Work item.
Your reply should consist of the entries, copied exactly and stripped of images.

[Record excerpts Boundary: Start]

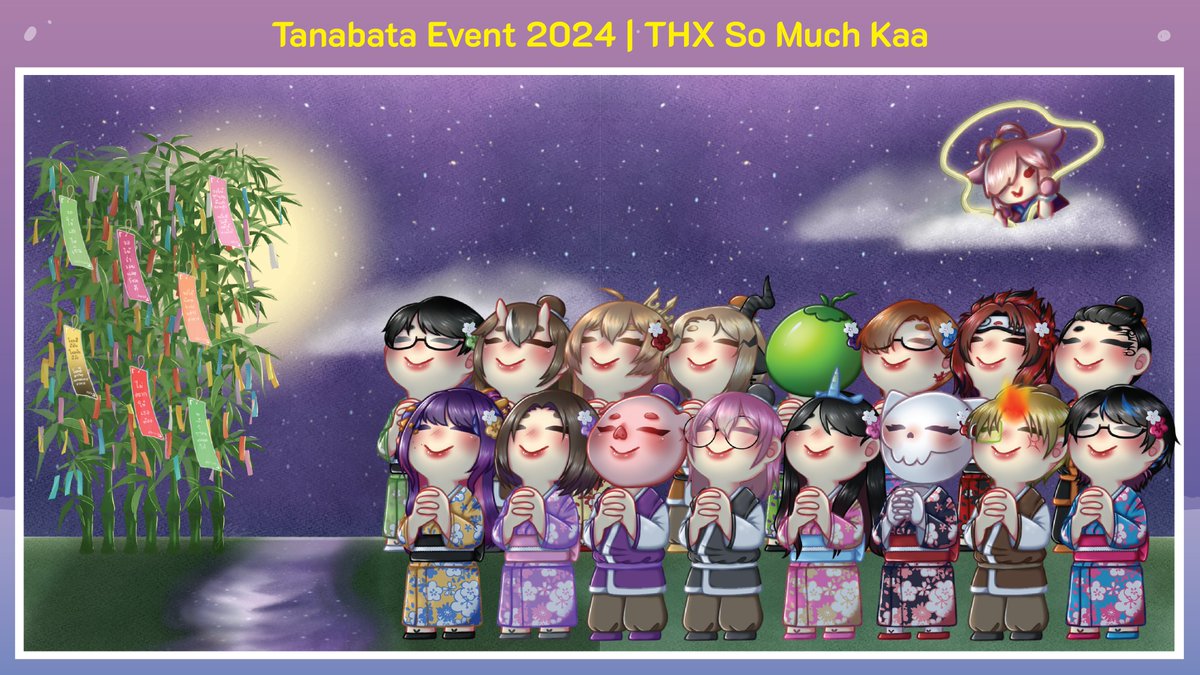 JetJerry0's tweet image. ขอบคุณทุกท่านที่มาร่วมจอยกิจทานาบาตะนะคะ มุ่งทำแต่กิจใหม่เลยไม่ได้ทำภาพรวมกิจนี้สักที แง้🐰🎋✨

Thank you so much for joining the Tanabata event. I've been focusing on Mother's Day event, so i didn't do the big thanks pic yet. My bad!🐰🎋✨
#JetJJerry #JetJJerryEvent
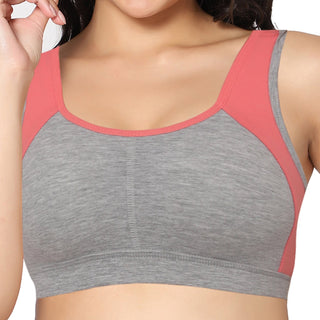ICPS-01 Padded Full Coverage Sports  Bra (Pack of 1)
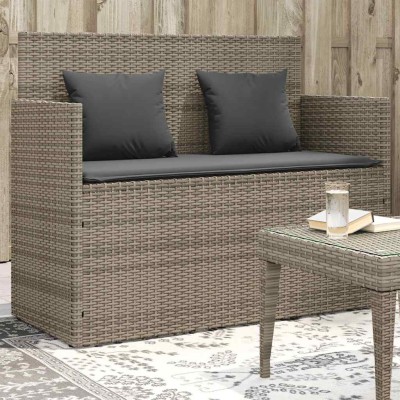 Garden bench with cushions,...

[Record excerpts Boundary: End]

Expected answer.
 JetJerry0's tweet image. ขอบคุณทุกท่านที่มาร่วมจอยกิจทานาบาตะนะคะ มุ่งทำแต่กิจใหม่เลยไม่ได้ทำภาพรวมกิจนี้สักที แง้🐰🎋✨

Thank you so much for joining the Tanabata event. I've been focusing on Mother's Day event, so i didn't do the big thanks pic yet. My bad!🐰🎋✨
#JetJJerry #JetJJerryEvent
ICPS-01 Padded Full Coverage Sports  Bra (Pack of 1)
 Garden bench with cushions,...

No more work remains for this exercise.